Despite the recent weakness, the price of gold is still up 9% year to date and may be poised for a strong second half of 2017. This is not unusual: the yellow metal also had a strong start in 2016, only to give back some gains but ended the year in an uptrend, setting up a rally as the calendar moved to 2017.
So is there a seasonal pattern to the gold price? To answer that question, we dissected gold’s performance dating back to 1975 and identified some trends investors can use to their advantage.
Since 1975, March has been the worst month for gold, followed by April as the second-worst. The months of June and July tend to be a quieter period as investors shift their focus prior to strong later summer and fall months.
September has been the best month for gold over the past 41 years. Coincidentally (or not), September is also the worst month for the S&P 500.
As the chart shows, three-quarters of gold’s top-performing months are in the latter half of the year—a good reason to consider buying in June or July if you want to add physical precious metals to your portfolio.
Bearing in mind the volatile nature of commodities, gold included, an experienced investor will build a position after periods of market weakness. As June comes to a close, we’re near the end of the seasonal weakness for gold—soon to enter its historical prime time from August to October.
Attempting to time the market is an exercise in futility. While it will work for a fortunate few, most investors will end up wasting time staring at charts and reading countless opinion pieces by so-called “experts” and talking heads.
To make gold’s volatility your friend, focus on buying when the market has been down for several days, or even a couple of weeks in a row. Then, perhaps more importantly, focus on enjoying your summer vacation.
Since 1975, the second quarter of the year has been by far gold’s worst—with returns dead flat over the 41-year period—and this year has been no exception, with gold down about 1%. On the flip side, the third quarter has been the best, outperforming its closest rival, Q4, by a whopping 40%.
Given the clear seasonal patterns gold has exhibited over the past four decades, investors can use these trends to make strategic purchases when the market is the weakest.
Based on gold’s seasonal patterns, adding bullion to your portfolio sometime in the next month or two could prove a very smart move.
As stated above, gold is up 9% since the beginning of the year, rivaling the performance of the S&P 500, which makes it one of the top-performing assets.
In comparison, since making multi-year highs in March, the 10-year Treasury yield (which moves inversely to its price) is down 15%, and the S&P 500 has traded mostly sideways despite stronger-than-expected first-quarter earnings. Based on declining Treasury yields and gold’s overall strong performance, investors clearly have taken a more cautious approach the past few months.
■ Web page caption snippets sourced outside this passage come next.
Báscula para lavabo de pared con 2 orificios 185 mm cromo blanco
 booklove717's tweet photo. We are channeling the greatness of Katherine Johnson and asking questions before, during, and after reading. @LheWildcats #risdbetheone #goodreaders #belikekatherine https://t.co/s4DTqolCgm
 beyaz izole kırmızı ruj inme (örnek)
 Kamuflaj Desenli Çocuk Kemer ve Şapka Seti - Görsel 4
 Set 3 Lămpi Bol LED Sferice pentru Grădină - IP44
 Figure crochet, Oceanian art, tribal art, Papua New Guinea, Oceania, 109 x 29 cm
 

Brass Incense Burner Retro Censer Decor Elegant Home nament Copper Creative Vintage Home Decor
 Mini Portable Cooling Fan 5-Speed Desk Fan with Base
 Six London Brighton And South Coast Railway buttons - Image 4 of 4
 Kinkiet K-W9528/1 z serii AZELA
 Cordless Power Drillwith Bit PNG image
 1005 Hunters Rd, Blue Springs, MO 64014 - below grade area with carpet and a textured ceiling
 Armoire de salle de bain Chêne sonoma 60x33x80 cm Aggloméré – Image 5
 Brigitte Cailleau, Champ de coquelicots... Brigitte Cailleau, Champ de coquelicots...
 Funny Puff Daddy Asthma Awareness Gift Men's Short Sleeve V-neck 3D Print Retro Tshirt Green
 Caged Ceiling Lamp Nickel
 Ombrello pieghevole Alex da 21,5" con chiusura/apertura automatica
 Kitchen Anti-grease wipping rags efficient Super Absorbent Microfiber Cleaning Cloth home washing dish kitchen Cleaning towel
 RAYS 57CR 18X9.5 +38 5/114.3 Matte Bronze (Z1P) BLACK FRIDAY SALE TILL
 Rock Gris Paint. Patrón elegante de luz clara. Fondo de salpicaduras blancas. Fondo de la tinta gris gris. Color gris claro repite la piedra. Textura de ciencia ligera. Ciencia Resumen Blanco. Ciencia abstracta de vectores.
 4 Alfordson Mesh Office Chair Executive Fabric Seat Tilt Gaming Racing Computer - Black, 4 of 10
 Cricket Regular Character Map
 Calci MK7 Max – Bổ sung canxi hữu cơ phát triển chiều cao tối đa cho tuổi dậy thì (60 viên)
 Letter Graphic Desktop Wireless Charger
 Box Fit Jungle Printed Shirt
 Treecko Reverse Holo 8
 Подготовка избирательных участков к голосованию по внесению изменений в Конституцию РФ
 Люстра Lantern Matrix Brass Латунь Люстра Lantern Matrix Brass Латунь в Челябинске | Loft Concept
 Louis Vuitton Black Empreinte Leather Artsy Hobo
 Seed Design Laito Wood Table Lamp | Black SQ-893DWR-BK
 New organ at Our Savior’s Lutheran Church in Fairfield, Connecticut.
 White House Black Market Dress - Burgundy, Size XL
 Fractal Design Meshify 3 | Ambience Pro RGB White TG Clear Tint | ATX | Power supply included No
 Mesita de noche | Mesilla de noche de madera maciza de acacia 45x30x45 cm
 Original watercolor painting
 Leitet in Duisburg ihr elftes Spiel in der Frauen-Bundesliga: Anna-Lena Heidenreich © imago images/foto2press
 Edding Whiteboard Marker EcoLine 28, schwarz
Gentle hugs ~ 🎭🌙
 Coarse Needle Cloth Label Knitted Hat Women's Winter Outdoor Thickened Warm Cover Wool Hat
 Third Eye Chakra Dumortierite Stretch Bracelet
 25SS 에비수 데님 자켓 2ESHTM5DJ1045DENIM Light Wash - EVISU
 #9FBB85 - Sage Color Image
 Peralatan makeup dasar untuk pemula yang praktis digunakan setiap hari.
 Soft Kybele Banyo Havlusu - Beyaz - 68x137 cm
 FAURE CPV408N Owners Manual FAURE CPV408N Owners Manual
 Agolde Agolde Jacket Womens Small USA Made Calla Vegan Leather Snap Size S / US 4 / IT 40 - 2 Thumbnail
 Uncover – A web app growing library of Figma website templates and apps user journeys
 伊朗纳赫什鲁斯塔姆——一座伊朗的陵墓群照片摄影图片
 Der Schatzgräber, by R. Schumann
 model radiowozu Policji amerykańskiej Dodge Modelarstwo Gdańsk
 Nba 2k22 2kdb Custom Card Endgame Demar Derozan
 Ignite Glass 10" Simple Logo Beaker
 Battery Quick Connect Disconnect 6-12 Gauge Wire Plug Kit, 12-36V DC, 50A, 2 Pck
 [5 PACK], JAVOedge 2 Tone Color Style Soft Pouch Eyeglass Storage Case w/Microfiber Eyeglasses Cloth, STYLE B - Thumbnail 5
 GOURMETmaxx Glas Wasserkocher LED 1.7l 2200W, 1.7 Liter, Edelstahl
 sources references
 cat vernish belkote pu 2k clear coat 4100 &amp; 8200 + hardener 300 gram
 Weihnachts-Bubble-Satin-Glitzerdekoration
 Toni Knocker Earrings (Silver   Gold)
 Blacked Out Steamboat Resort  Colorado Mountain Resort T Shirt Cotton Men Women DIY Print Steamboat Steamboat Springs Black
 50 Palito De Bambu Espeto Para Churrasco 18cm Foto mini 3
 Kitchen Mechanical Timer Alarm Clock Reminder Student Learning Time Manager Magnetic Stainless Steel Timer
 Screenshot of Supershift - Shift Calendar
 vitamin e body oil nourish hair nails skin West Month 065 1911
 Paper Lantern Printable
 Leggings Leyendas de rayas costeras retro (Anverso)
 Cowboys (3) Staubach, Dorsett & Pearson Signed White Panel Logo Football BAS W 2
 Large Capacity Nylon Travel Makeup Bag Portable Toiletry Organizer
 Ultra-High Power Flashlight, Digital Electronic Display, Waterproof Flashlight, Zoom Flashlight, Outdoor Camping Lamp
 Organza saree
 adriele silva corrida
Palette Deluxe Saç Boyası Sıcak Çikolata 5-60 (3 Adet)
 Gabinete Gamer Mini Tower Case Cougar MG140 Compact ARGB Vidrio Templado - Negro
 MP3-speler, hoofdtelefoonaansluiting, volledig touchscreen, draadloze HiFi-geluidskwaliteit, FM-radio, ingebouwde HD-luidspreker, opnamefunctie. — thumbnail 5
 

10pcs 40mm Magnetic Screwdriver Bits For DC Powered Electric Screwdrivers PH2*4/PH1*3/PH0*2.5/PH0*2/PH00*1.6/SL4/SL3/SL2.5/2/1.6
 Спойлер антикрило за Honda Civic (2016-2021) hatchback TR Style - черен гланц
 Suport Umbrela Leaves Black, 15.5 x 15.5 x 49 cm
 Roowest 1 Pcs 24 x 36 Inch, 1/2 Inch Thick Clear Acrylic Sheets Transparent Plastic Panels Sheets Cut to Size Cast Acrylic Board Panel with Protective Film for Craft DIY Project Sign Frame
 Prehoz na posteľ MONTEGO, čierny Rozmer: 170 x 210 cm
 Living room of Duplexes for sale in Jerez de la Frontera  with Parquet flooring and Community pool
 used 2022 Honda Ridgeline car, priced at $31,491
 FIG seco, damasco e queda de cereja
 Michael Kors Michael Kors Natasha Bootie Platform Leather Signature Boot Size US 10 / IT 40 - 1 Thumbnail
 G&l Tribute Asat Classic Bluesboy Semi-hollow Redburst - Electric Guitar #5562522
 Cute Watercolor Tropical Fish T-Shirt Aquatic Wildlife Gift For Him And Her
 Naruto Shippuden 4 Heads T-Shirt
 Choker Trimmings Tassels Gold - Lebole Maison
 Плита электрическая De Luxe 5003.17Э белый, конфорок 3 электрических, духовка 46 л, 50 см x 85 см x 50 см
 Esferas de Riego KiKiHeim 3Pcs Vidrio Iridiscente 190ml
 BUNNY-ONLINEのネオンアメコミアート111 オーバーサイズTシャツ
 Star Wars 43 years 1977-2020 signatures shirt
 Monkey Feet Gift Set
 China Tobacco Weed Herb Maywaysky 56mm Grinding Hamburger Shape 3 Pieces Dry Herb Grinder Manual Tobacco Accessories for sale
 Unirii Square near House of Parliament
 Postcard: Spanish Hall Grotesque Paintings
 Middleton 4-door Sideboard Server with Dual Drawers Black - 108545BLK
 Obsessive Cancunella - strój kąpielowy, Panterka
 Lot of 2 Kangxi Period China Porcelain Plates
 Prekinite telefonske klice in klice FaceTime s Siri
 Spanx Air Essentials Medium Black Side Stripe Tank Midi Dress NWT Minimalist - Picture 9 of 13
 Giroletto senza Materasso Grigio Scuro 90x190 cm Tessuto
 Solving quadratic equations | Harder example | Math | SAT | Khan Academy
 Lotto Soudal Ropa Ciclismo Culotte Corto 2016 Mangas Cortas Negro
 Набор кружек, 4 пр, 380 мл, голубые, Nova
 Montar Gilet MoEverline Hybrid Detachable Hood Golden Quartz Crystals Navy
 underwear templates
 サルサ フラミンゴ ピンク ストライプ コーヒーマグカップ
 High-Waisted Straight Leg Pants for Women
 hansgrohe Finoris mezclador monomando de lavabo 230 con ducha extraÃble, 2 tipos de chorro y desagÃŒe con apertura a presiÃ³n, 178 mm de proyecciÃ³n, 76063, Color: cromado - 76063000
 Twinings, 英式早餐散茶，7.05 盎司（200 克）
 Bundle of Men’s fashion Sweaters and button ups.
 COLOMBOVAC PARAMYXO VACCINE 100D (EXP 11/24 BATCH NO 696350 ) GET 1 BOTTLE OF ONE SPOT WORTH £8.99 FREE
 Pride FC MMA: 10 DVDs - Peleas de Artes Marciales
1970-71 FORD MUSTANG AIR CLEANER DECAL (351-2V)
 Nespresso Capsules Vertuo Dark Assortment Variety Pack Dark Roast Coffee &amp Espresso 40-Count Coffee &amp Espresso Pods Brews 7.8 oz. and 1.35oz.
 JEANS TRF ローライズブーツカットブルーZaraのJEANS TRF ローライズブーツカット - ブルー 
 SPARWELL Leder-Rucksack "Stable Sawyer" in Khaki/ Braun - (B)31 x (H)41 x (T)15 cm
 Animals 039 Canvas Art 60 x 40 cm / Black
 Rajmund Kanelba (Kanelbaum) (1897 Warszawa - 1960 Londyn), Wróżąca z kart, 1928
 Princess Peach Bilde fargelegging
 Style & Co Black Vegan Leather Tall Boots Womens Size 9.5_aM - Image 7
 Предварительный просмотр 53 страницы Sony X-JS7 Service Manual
With gold rallying close to $1,300/oz. earlier this month, many people have waited patiently for a pullback to invest. But based on the following chart, the current pullback might be temporary:
After gold started this year at $1,150 per ounce, it has moved in a “two steps forward and one back” fashion. Each new, higher support level that is tested and holds gives the market more resilience—and investors more confidence to take a position. It also serves to shake out those who panic and sell at the first sign of weakness, only to buy back in at higher prices down the road.
If this pattern continues through the remainder of 2017, we’ll likely see gold prices well north of $1,300, potentially approaching $1,400 by mid-2018.
Armed with the knowledge that the lows of the year—along with the lowest bullion premiums—usually occur during the late spring to early summer months, an investor can take the contrarian approach and “buy low” right now.